*Exercise prompt*
Print, exactly and without pictures, the lines from the one where "this 768×432 image." appears down to the end of the entries.

*Record excerpts*
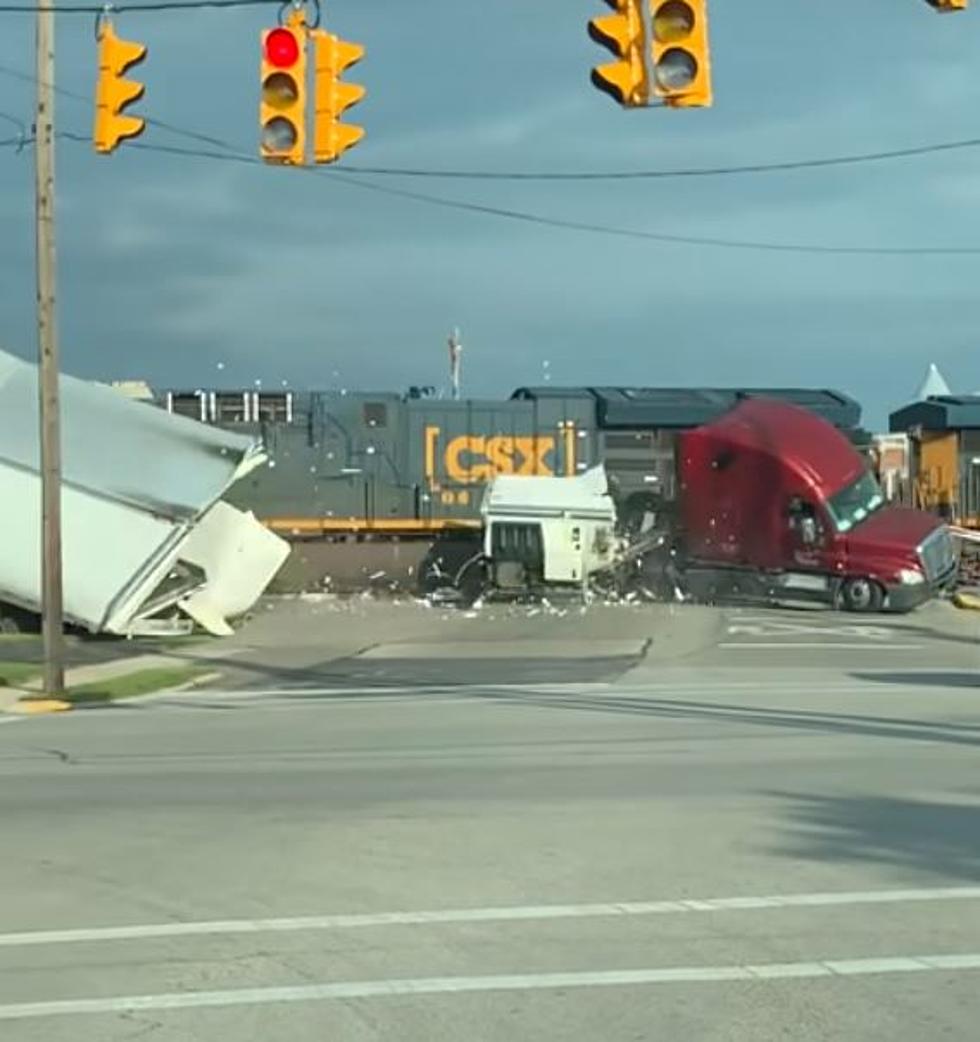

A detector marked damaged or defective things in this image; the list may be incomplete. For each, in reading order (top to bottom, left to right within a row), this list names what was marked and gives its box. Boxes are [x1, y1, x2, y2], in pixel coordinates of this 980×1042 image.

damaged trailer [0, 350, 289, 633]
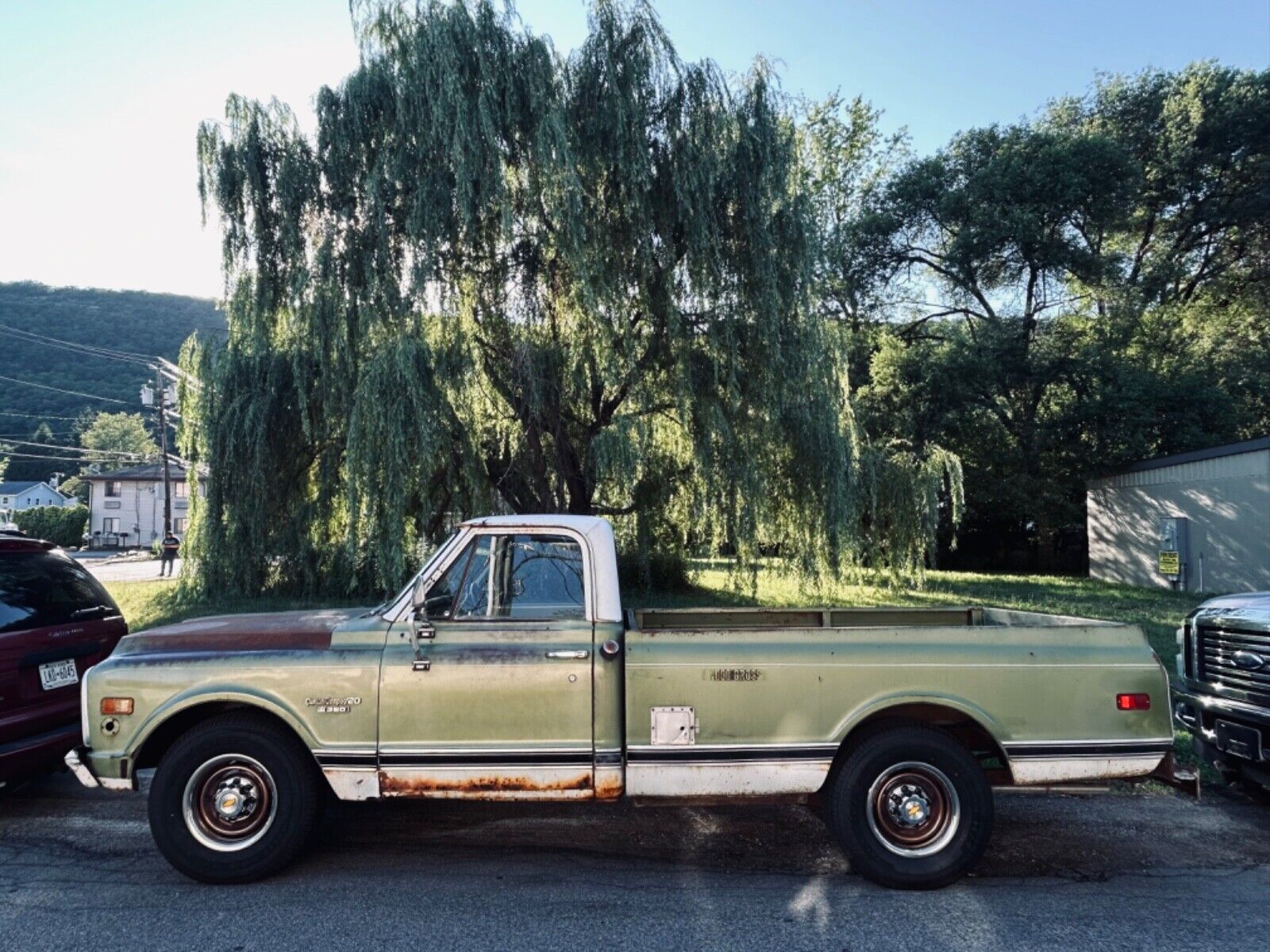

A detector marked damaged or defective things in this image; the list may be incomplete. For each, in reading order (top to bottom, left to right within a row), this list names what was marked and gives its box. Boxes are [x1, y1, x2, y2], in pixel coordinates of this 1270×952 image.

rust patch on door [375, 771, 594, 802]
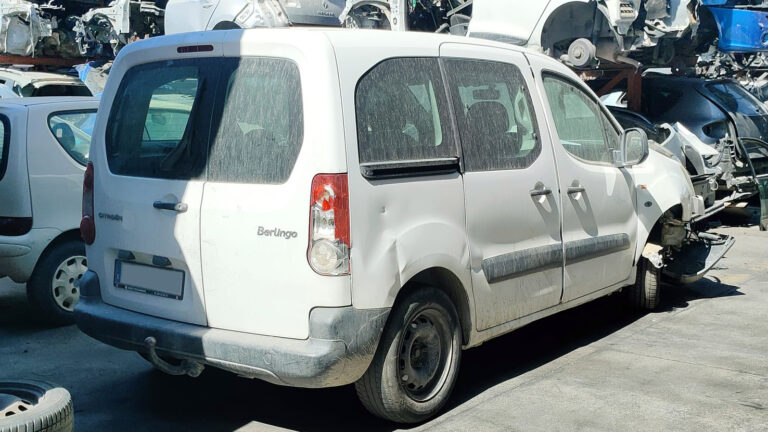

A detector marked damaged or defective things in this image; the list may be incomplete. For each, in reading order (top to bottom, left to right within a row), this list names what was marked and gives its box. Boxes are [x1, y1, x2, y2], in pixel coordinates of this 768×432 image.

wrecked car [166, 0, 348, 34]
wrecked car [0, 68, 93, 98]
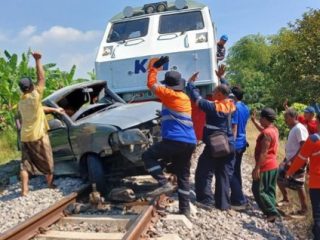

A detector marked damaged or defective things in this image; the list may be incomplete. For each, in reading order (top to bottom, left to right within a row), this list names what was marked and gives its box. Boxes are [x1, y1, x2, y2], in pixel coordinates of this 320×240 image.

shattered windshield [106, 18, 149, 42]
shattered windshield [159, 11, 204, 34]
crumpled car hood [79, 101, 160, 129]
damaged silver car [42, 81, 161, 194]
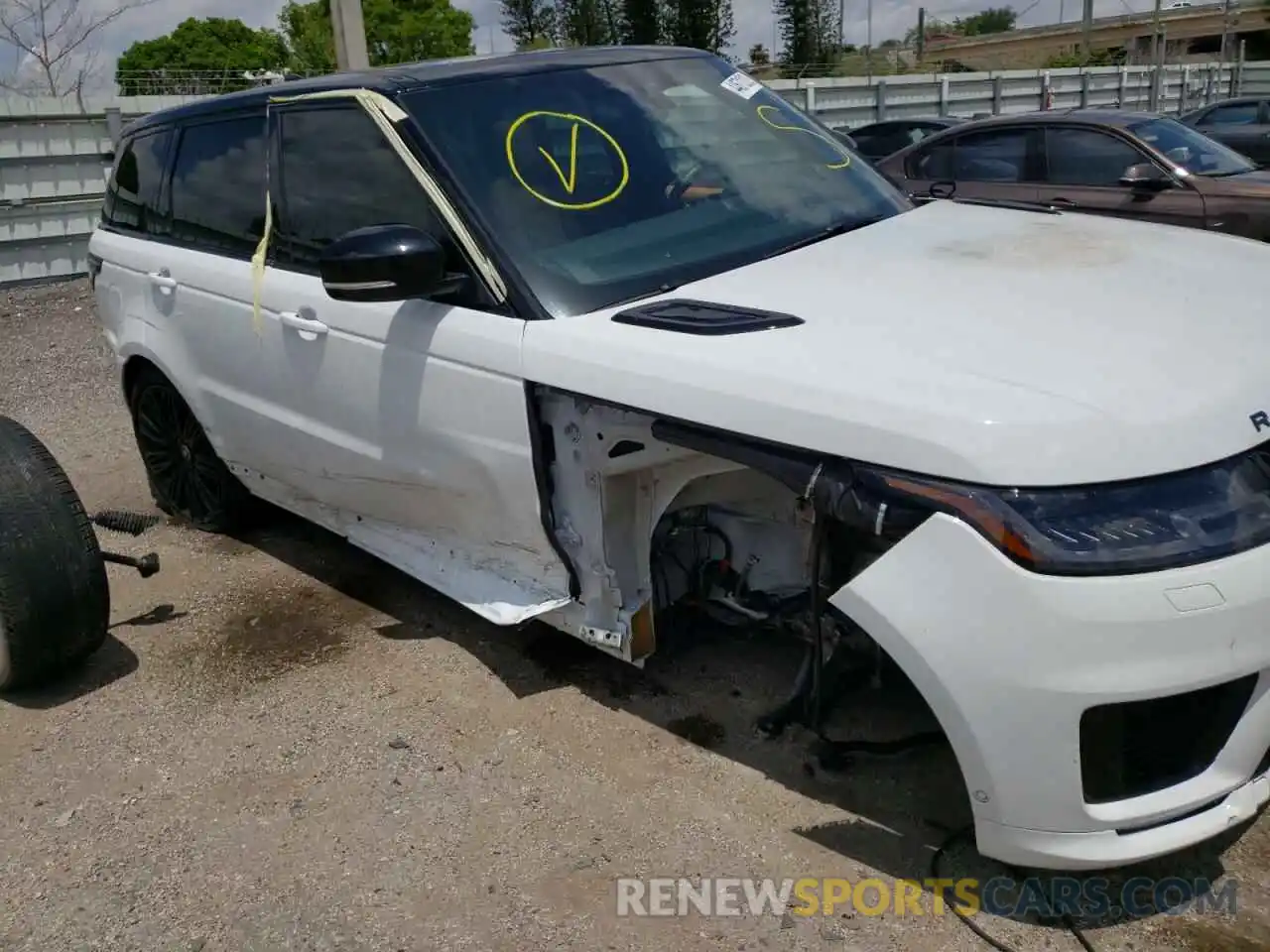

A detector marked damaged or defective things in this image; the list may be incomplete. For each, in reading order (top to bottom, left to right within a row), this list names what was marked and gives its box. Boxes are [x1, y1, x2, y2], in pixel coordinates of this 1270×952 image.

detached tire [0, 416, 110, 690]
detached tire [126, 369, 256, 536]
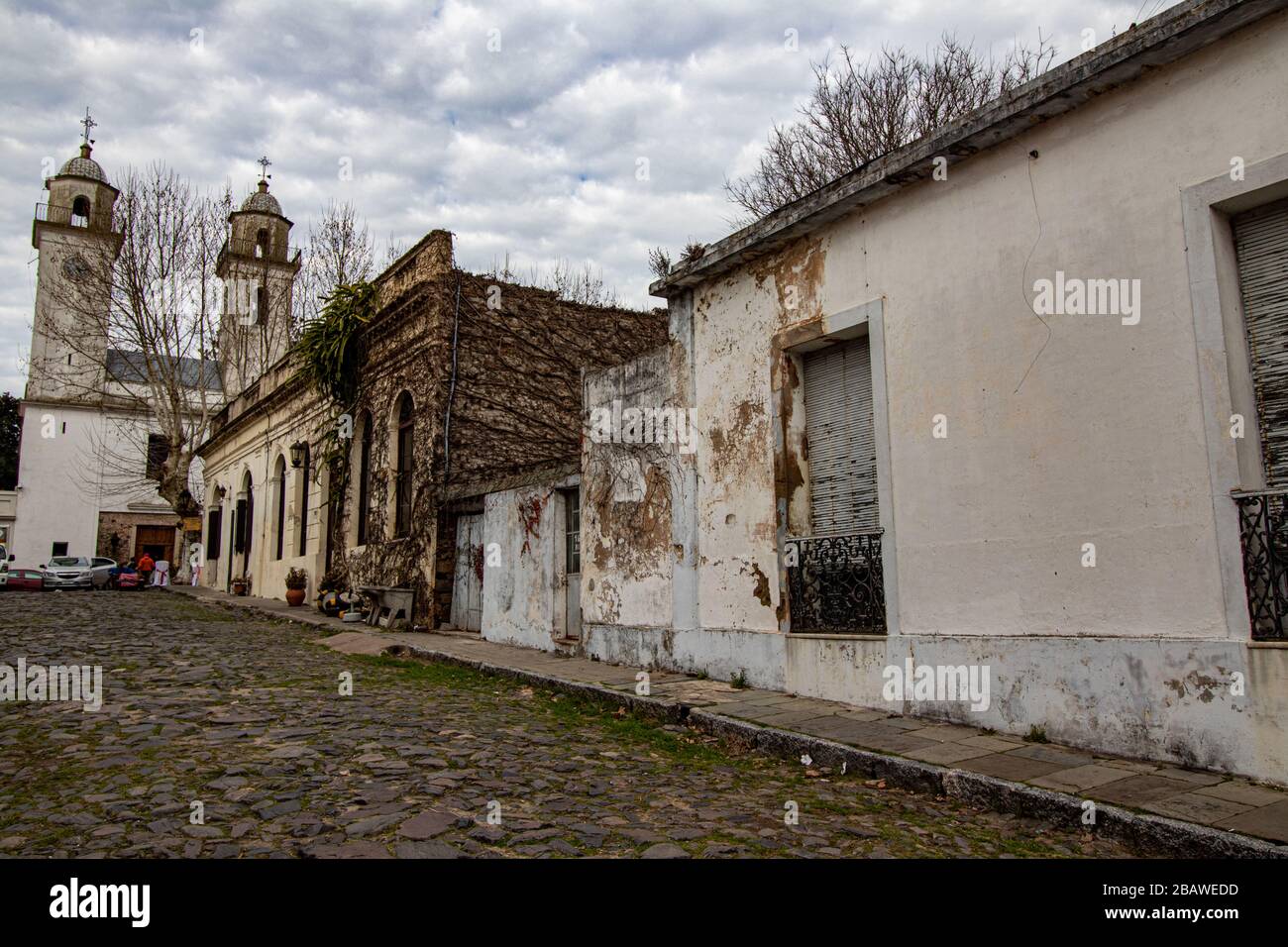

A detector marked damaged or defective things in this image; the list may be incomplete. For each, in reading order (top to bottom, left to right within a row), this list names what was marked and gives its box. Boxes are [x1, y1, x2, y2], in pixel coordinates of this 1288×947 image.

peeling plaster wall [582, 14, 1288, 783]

*Completed task*
A detector marked damaged or defective things in this image; the list may be incomplete. For each, in reading order (top to bottom, left to right within a row), this list names what was marked and gives its box. Boxes are [x1, y1, x2, y2], in pixel coordinates of this 768×432 image.

wrecked car [166, 0, 348, 34]
wrecked car [0, 68, 93, 98]

A detector marked damaged or defective things in this image; the list may be incomplete. For each, in reading order (top to bottom, left to right within a row), this list names what was marked and gives its box. Boxes are [x1, y1, x2, y2], in pixel coordinates of this 320×240 image.

shattered windshield [106, 18, 149, 42]
shattered windshield [159, 11, 204, 34]
crumpled car hood [79, 101, 160, 129]
damaged silver car [42, 81, 161, 194]

A detector marked damaged or defective things in this image; the list may be incomplete. For each, in reading order (top to bottom, left to right within a row), this list names what was marked and gives its box. Boxes are [x1, y1, x2, y2], in pixel coordinates of this 1270×952 image.

detached tire [0, 416, 110, 690]
detached tire [126, 369, 256, 536]

A detector marked damaged or defective things in this image; the list may be incomplete. For each, in reading order (top to bottom, left to right within a row), this list names what was marked and gives its box. Boxes are [x1, y1, x2, y2], in pixel coordinates of this 1288×947 image.

peeling plaster wall [582, 14, 1288, 783]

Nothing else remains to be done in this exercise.